Now edit app/__main__.py so that it looks like this:
# file app/__main__.py

import pkg_resources

def main():
  print('The rain in Spain falls mainly in the plain.')
  print(pkg_resources.resource_string('resources', 'inFrance.txt'))

if __name__ == '__main__':
  main()
You may already have pkg_resources.py installed on your system. If you don't, you'll find it's part of the distribute package. Download the latest version of distribute, unpack the tarball and find pkg_resources.py inside. Copy pkg_resources.py to app/pkg_resources.py. (Even if you already have the pkg_resources module on your system, if you use it in your program, you should add it to your bundle before distributing it to others.)

Now when you run the program:
$ python app
You should see this output:
The rain in Spain falls mainly in the plain.
But the ants in France are mainly in your pants.

Make it executable
Finally, you can turn your zipped program bundle into a stand-along executable on UNIX-like systems using a couple of commands. Zip up the latest version of the program in the app directory and name it app2.zip.
$ cd app
$ zip -r ../app2.zip *
$ cd ..
Now use a bit of UNIX magic to turn app2.zip into an executable.
$ echo '#!/usr/bin/env python' | cat - app2.zip > app2
$ chmod +x app2
The first command inserts a UNIX shebang at the start of the zip file and writes it to a new file called simply app2. The zip file format is designed to allow a small executable program to be inserted at the front (that's how self-extracting zip files are created), so this is kosher and doesn't corrupt the zip file. The second command sets the executable bits on app2.

Now you can simply run app2 like any executable.
$ ./app2
And you should see the expected output.
The rain in Spain falls mainly in the plain.
But the ants in France are mainly in your pants.

9 comments:

Davide said...

Nice and useful post! Is there a way to solve that last step (making the executable) in Windows?

Anonymous said...

The quick and easy way is to give the zip file a unique extension, like ".pyexe" and create an association between Python and that extension.

The slicker way would be to create a small executable in C that searches the directories on the PATH environment variable until it finds Python.exe, then executes Python with the path to the small executable. Then you would embed the small executable at the start of the zip file (I think the DOS copy command can be used to do this, but the zip command may also be able to do this). Now instead of a self-extracting zip, you have a self-launching Python program.

WinCrazy said...

The best way to make an EXE in MSW is to use PY2EXE. It packages the python interpreter DLL and every dependent file. It also makes this entire discussion moot !

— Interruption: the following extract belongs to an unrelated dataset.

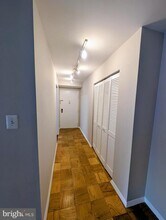 11309 Commonwealth Dr-Unit -T2 in Rockville, MD - Building Photo - Building Photo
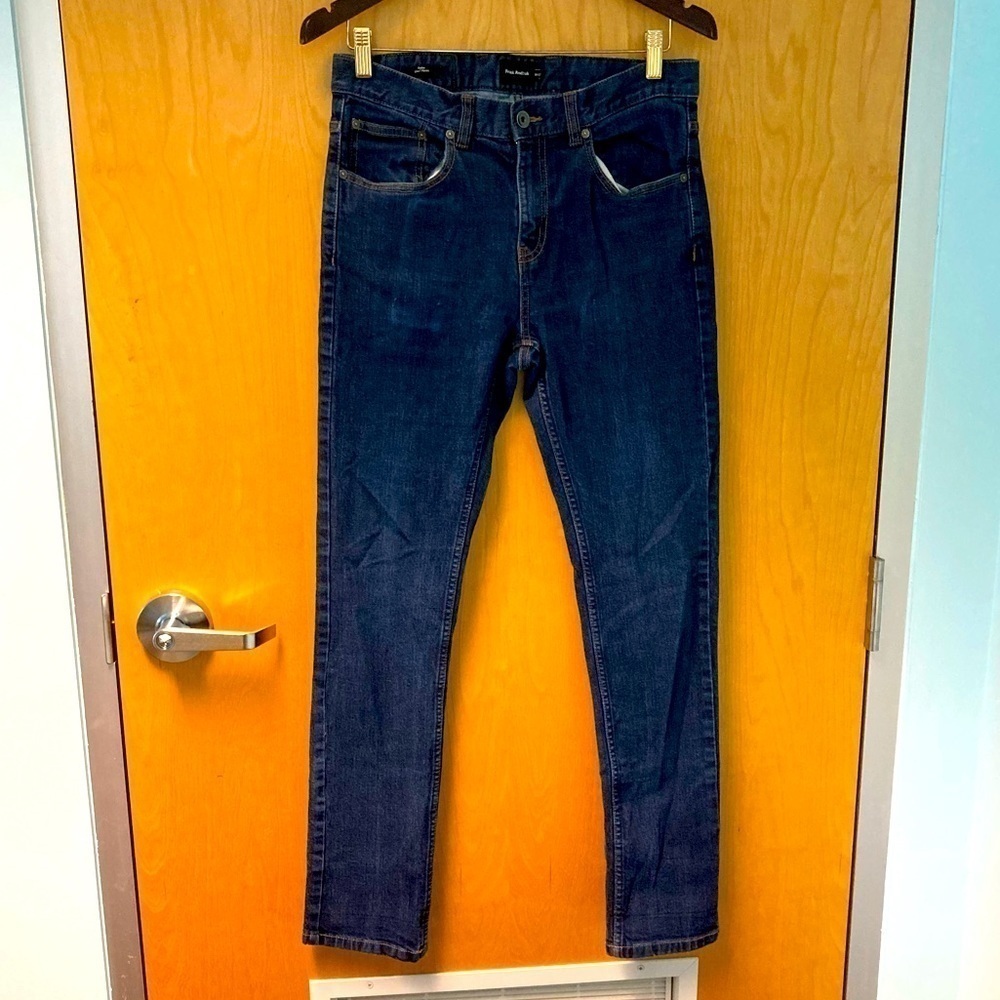 FRANK & OAK Sz 30 x 32 Dark Wash Dylan Slim Jeans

The downside to PY2EXE is that the simplest EXE will be 3 or 4 MB in size. However, disk space is extremely inexpensive these days.

Anonymous said...

@WinCrazy That's good to know. Is PY2EXE part of the standard Python distribution on Windows?

Given that Windows doesn't include Python by default like OS X and most Linux/UNIX systems, bundling Python.exe and the needed standard library files is probably the best way to go for distributing to Windows users.

Unknown said...

Don't feel bad about missing the __main__.py feature. It came out in python 2.6 (the docs saying 2.5 are in error) and they didn't do a great job of advertising and explaining it.

Thanks for the post though. It gave me a good feeling of "suffering together" i.e. I'm not doing this part completely wrong, it's just weird in ways.

Rhitik said...

Cool stuff.

Unknown said...

to avoid having to include pkg_resources just use pkgutil.get_data() to access resources:

print(StringIO.StringIO(pkgutil.get_data('resources', 'inFrance.txt')))

pkg_resources uses pkgutil.get_data() anyway .. and watch out if loading unicode in python2, pkgutil.get_data returns binary data!

Nick Kay said...

Ok and if you want to ensure you only include compiled bytecode instead of exposing .py files....is this still the way to go?

Anonymous said...

I haven't tested that, but I don't see why not. Just compile all your .py files to .pyc and only include the compiled ones in the zip.